We hung out at the hostel for a while, saw a girl from the JFRC there and met a girl who was from the twin cities! She went to Southwest for 3 years and knows a bunch of friends from both South and Southwest. Smalllll world. We finally made it onto the right train (got on the wrong one a couple times) and were on our way with some minimal groceries we had picked up along the way by midnight. Then somehow we got stuck on the car of 20 drunk kids who the police were trying to tame. In fact one was so outrageous they had to physically pull him off as he held on to a poll inside the train for dear life. He was fighting and resisting the cops and they had to hold him down with a night stick. All of his friends then drunkenly tried to come defend him, which just made the situation much worse. Girls were crying and screaming and stomping all over the train car we were on. It was a huge dramatic scene that went on for a good half hour before they were able to arrest the one kid who could hardly stand. Lauren was super freaked out, she has never seen anyone get arrested before, much less a drugged up and extremely intoxicated kid resisting authority. The cops stayed on the train with the rest of the kids until we arrived at another stop where 30 or so cops waited to force all of them off the train and out of the train station.
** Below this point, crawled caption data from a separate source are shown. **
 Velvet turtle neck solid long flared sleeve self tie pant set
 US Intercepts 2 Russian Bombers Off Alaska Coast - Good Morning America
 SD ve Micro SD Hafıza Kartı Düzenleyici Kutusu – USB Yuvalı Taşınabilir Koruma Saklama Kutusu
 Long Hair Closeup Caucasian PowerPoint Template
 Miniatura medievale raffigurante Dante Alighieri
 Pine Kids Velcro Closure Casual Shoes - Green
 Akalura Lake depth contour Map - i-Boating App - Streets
Once we finallllly made it to our stop we were lost in the middle of NOWHERE. We were in a smalll town, 45 minutes south of the city which was completely dead. Lauren thought we were going to die for sure. After a good half an hour of walking in the empty darkness with not a soul to be found we stumbled upon our hotel. No one as the reception desk, but there was an envelope left for us. We took the elevator up to our hotel room and the hallway was even dark and eery! Shit. What had we gotten ourselves into? We ate some snacks and went to bed by 3:30 am.
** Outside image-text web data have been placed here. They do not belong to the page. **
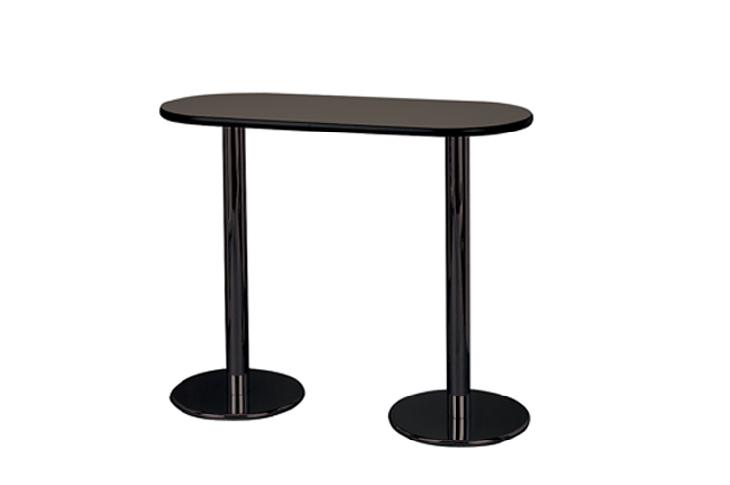 マルチ楕円テーブル<br>天板黒W1200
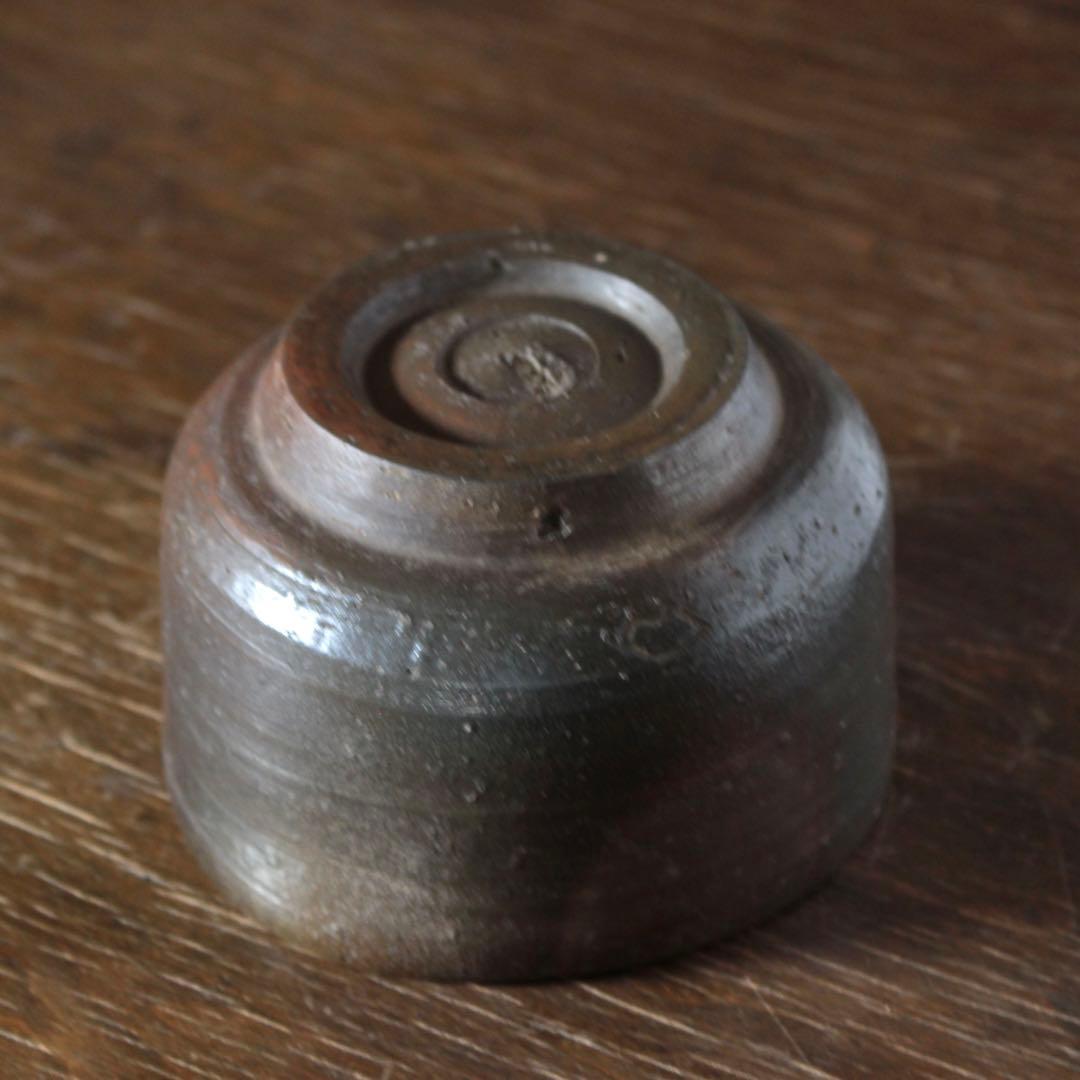 備前 半筒 茶碗 古美術 古道具 茶道具 備前焼 古備前 アンティーク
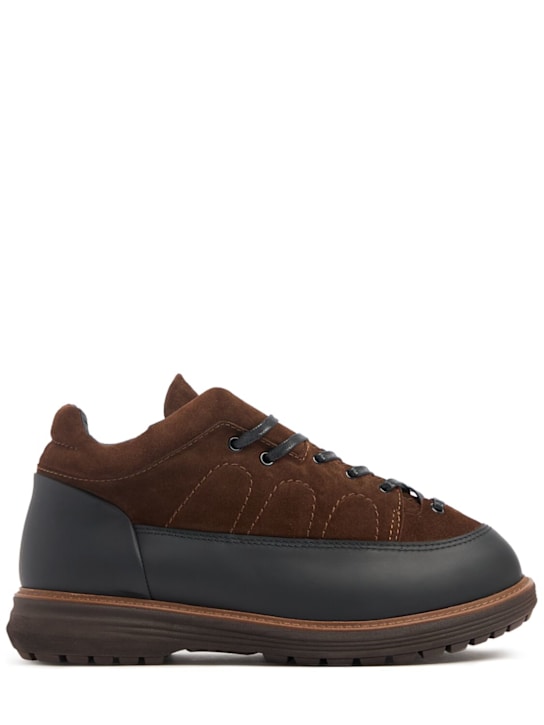 Santha: Dolomia sneakers - Brown - men_0 | Luisa Via Roma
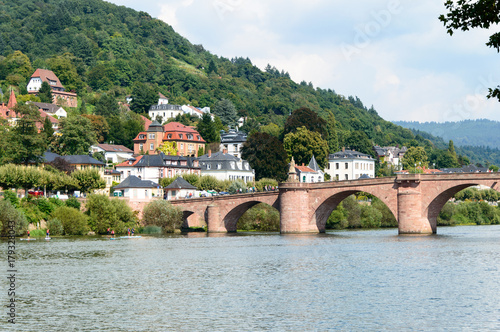 Heidelberg, old bridge on Neckar river, Germany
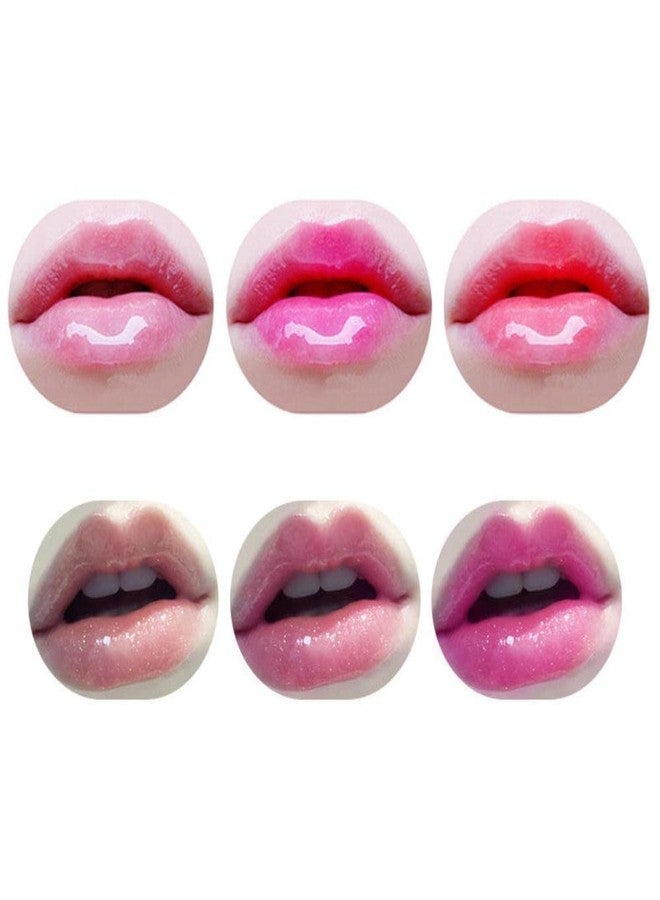 VBA Jelly Flower Color Changing Matte Lipstick Temperature Change Moisturizer Flower Magic Color Change Lip Gloss (Pink Flower) - Image 3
The next morning we were out by noon and headed to Notre Dam. I'm burnt out on churches after that one. It was absolutely gorgeous and massive but I think I've seen enough in the past 3 months. It was a beautiful day outside as well. People were having picnics outside of the Cathedral and all along the Seine River. As we were deciding whether or not to climb the towers a creepy man with SCARY face mask came up behind me and I screamed bloody murder - In front of 50 people who were waiting in line to climb the tower of Notre Dam. That was embarassing. After my face returned back to normal from its crimson flush, we made our way to the Picasso museum which we both lovedddd. There were some incredible Picasso pieces there. I had a couple favorites in particular. I have always loved Picasso but these pieces blew my mind out of the water; "The Three Figures Under a Tree," a specific portrait of Dora Mar from 1937, another portrait of Marie Terese, and lastly "A Woman Reading." Lauren and I really tried to analyze his art and figure out the development through the multiple periods and styles full of his complexity. We were able to point out his consistent love for music, women, and pipes. Women were always number one. Exactly how it should be. We were done with Picasso by 3:30 which hardly left us enough time for both the Louvre and Musee D'Orsay. So we decided to hit the Louvre for a couple of hours and see Musee D'Orsay the next morning (Sunday).
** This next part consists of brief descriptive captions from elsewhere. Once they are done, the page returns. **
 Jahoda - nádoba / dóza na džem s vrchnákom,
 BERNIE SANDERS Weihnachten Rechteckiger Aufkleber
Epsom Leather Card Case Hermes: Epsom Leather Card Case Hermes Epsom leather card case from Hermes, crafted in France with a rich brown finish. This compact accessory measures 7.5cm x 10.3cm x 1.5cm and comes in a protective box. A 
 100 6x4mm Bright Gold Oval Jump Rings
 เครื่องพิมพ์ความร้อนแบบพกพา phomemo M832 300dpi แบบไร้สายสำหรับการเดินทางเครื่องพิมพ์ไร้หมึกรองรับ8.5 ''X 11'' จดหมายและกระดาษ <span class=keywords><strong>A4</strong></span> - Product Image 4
The Louvre is GINORMOUS. Its so huge its overwhelming. The pyramid entrance is pretty cool though it seemed a bit out of its element. Its such a modern contraption, triangular shape made of glass leading you underground? Sitting in the middle of a 800 year old building was a bit strange. But cool nevertheless. We decided to enjoy the beautiful day and sat out by the fountains for a bit to soak up the warmth of the sun. We saw the Mona Lisa where Lauren's camera died. FHerL. Mine was in the process of dying so I only captured a few good ones. Like our tour guide book said its not worth all the hype and is slightly disappointing. It is much smaller than you would expect it and is behind a pane of glass, or more like a large glass box over 10 times the size of it. We went through and saw a lot of Italian art (which I am also over) then proceeded to the French art and tried to compare the two. Italian art is all religious based full of gods and godesses, angels and other fantasy things I have no idea about it. It depicts much lighter and brighter colors which I appreciate; the light hearted Italian spirit and potentially endless faith. French art on the other hand was much more realistic and dark, with animals and portraits of people in everyday life. It beautiful and extensive. Lastly we saw Apollo's apartments. Oh. My. God. Thats all I can say, I thought Versailles was luxurious, this was straight out of a Disney movie, potentially where sleeping beauty, or maybe even Cinderella (once she married the prince of course) could have possibly lived. We were in awe walking through his endless beautiful, glorious, and royal filled home. I had been searching for Venice De Mailo all the way through, but we got kicked out before we could make it there. So one more stop we needed to make the next morning.

We finally ventured to the Eiffel tower and found a quaint place to eat and relax for a solid 3 hours. It was delicious and a quite pleasant dinner that Lauren and I shared under the Eiffel tower's beastly self. Very romantic. Around 8 or 9 we went to climb the Eiffel tower but I guess you can't actually climb it after 6pm. So we took the elevators up up and away. Every hour on the hour the tower has a light show which I was not aware of. It almost looks like cameras flashing at every inch on the iron of the Eiffel tower. Its intense and crazy cool. At this point neither of us had our cameras so I got limited photos in, on, and or around the Eiffel tower. It was frustrating beyond belief but we survived I guess. We headed to see the Moulin Rouge next, we figured it'd be at its peak during night hours as well. The scene was "poppin" and I quote Lauren Harriett. Everyone was out partying but because we were worried about missing the last RER train back to our ghost town hidden hotel we just stopped into one bar for an over priced glass of champagne. The bar was a riot and so much fun so we were bummed we couldn't stay. Entertaining, good energetic live music which everyone was fully enjoying and participating in.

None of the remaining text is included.